Polycystic Ovary Syndrome (PCOS) is a complex endocrine disorder in which androgen excess plays a central pathogenic role, driving both reproductive and metabolic dysfunction. Hyperandrogenism not only contributes to classic clinical features such as hirsutism, acne, and alopecia, but also disrupts follicular development, ovulation, and insulin signalling. Traditional treatment approaches have focused on symptom control rather than underlying mechanisms. However, growing insights into androgen biosynthesis, receptor signalling, and tissue-specific androgen action have led to significant advances in targeted therapeutic strategies. These developments offer new opportunities for more precise and effective management of PCOS.
Role of Androgens in the Pathophysiology of PCOS
Androgens are essential for normal ovarian function at physiological levels, but in PCOS, their excess exerts deleterious effects. Increased androgen production primarily arises from ovarian theca cells, with contributions from adrenal sources. Hyperandrogenism disrupts follicular maturation by impairing granulosa cell function and follicle-stimulating hormone (FSH) responsiveness. Additionally, elevated androgens exacerbate insulin resistance, creating a self-perpetuating cycle that amplifies both metabolic and reproductive abnormalities.

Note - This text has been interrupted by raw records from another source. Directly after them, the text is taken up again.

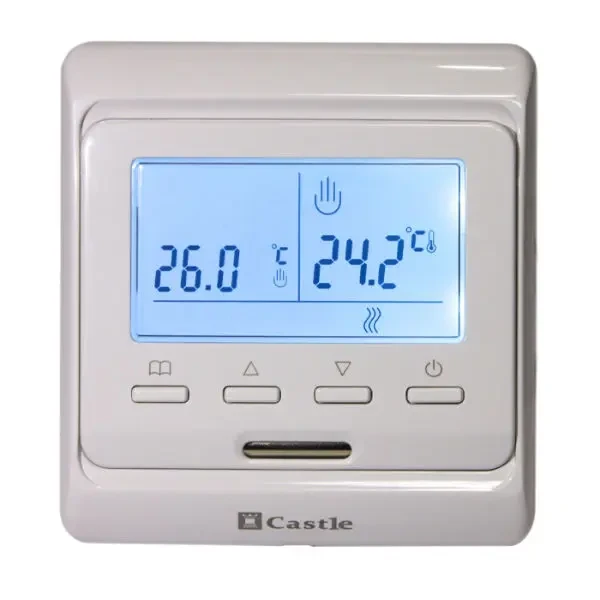 Програматор для теплої підлоги M 6.716 білий, фото 1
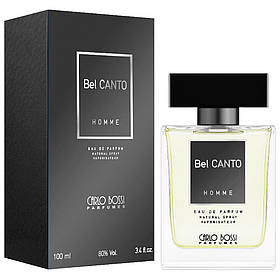 Парфумована вода для чоловіків Carlo Bossi Bel Canto Black 100 мл (01020204602)
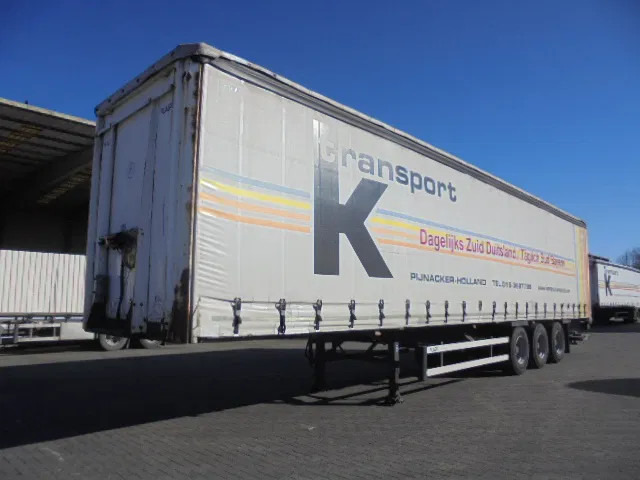 LAG O-3 GT-1 NL TRAILER - Curtainsider semi-trailer: picture 1 LAG O-3 GT-1 NL TRAILER - Curtainsider semi-trailer: picture 1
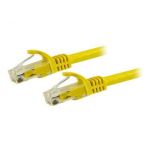 STARTECH.COM CÂBLE RÉSEAU CAT6 UTP SANS CROCHET DE 5 M - JAUNE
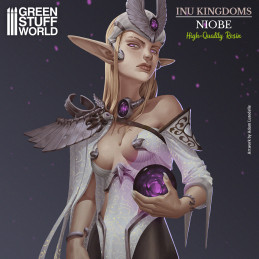 INU KINGDOMS - Niobe | Busts and Figures Inu Kingdoms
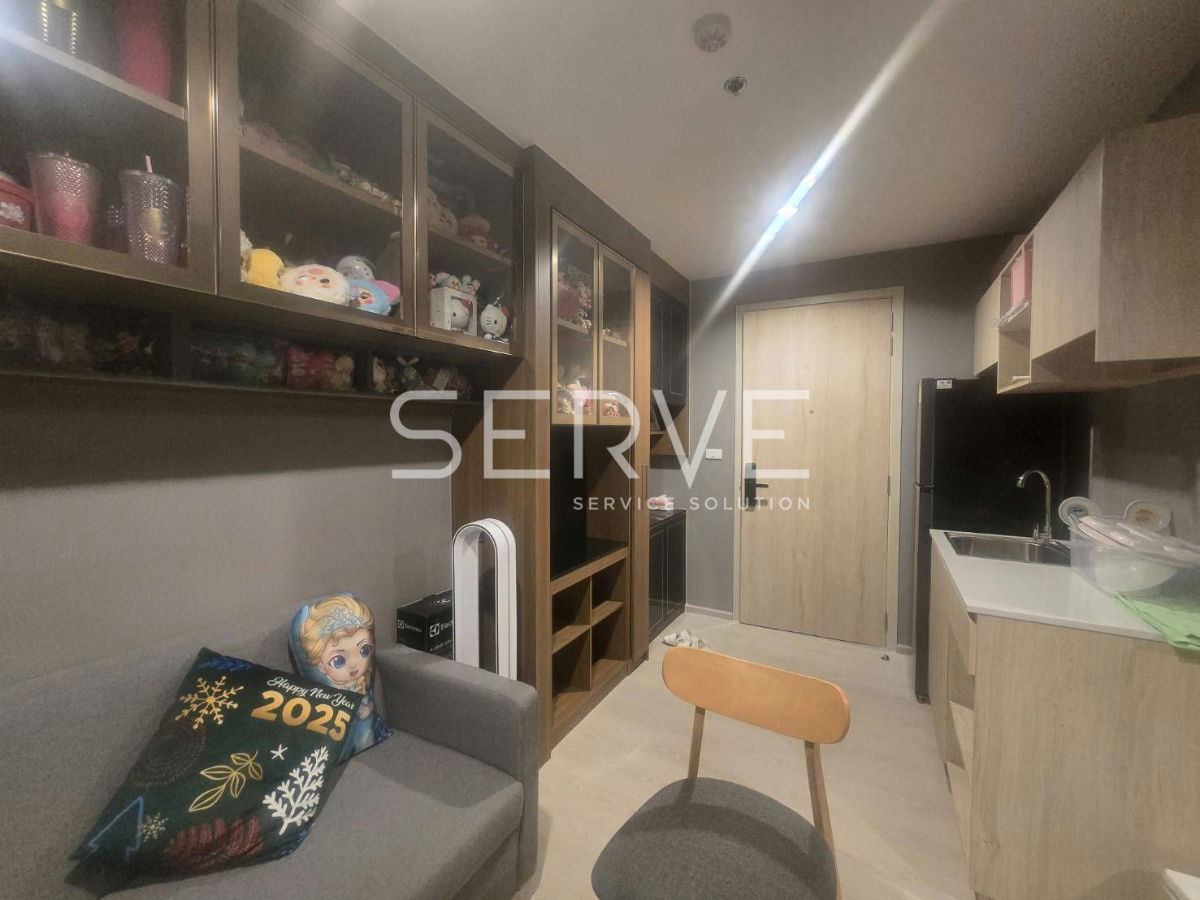 1 Bed 1 Bath New Room City View Good Location Close To MRT Si La Salle Station  @  Nue Noble Srinakarin Lasalle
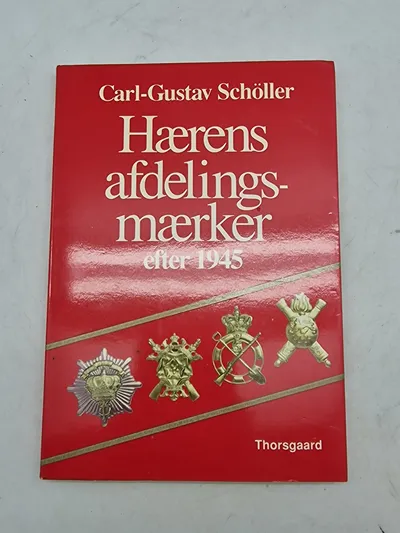 Hærens afdelingsmærker efter 1945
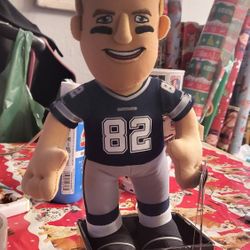 Jason Witten Dallas Cowboys Plush Doll 10”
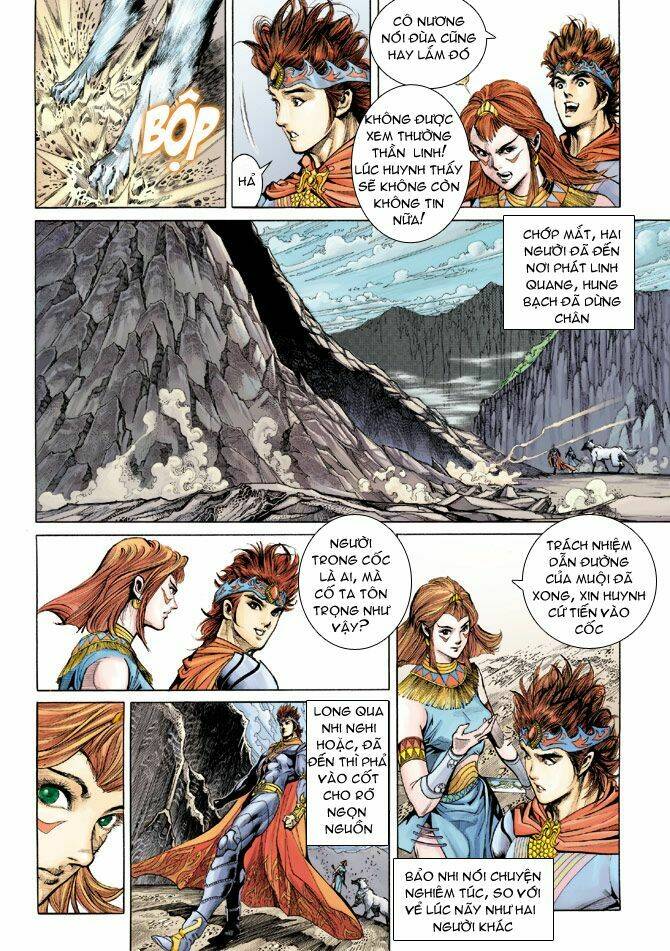 thiên tử truyền kỳ 5 - như lai thần chưởng chapter 150 16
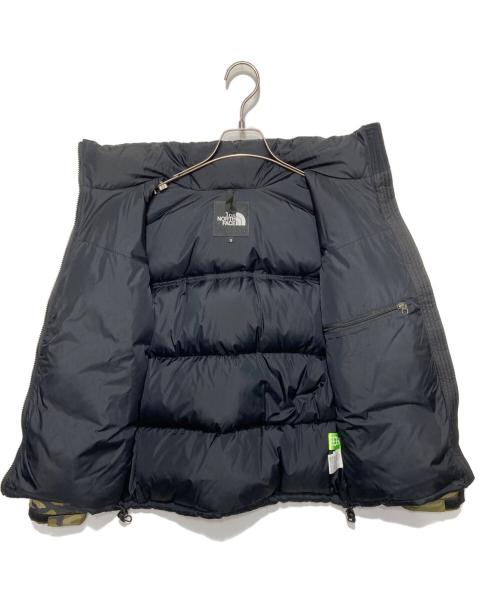 THE NORTH FACE（ザ ノース フェイス）THE NORTH FACE (ザ ノース フェイス) Novelty Nuptse Jacket カーキ サイズ:Sの古着・服飾アイテム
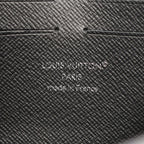 Louis Vuitton Clutch Pochette Voyage Noir Leather — view 4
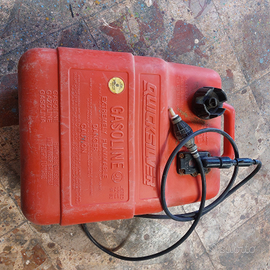 Serbatoio benzina quiksilver per fuoribordo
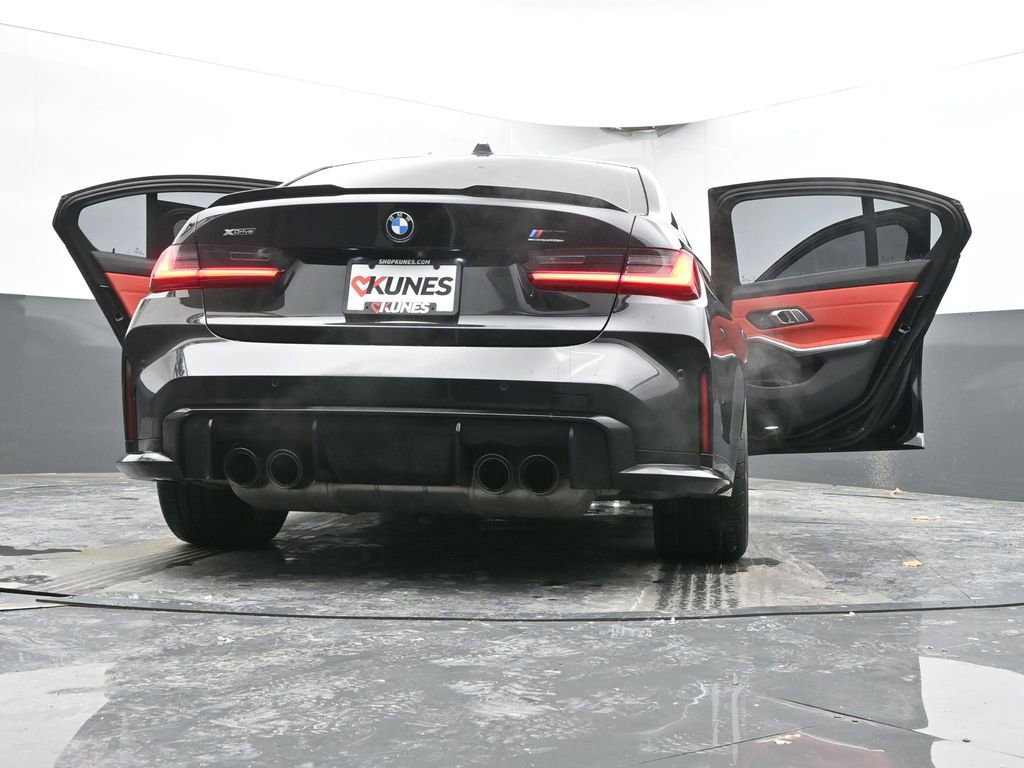 Used 2023 BMW M3 Competition w/ Executive Package image 64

Molecular Pathways Involved in Androgen Excess
Recent research has elucidated key molecular mechanisms underlying androgen overproduction in PCOS. Dysregulation of steroidogenic enzymes, including cytochrome P450 17α-hydroxylase/17,20-lyase (CYP17A1), enhances androgen biosynthesis. Altered luteinising hormone (LH) signalling further stimulates theca cell androgen secretion. Advances in genomic and proteomic studies have also highlighted aberrant insulin and insulin-like growth factor (IGF) signalling pathways that synergistically promote androgen excess at the ovarian level.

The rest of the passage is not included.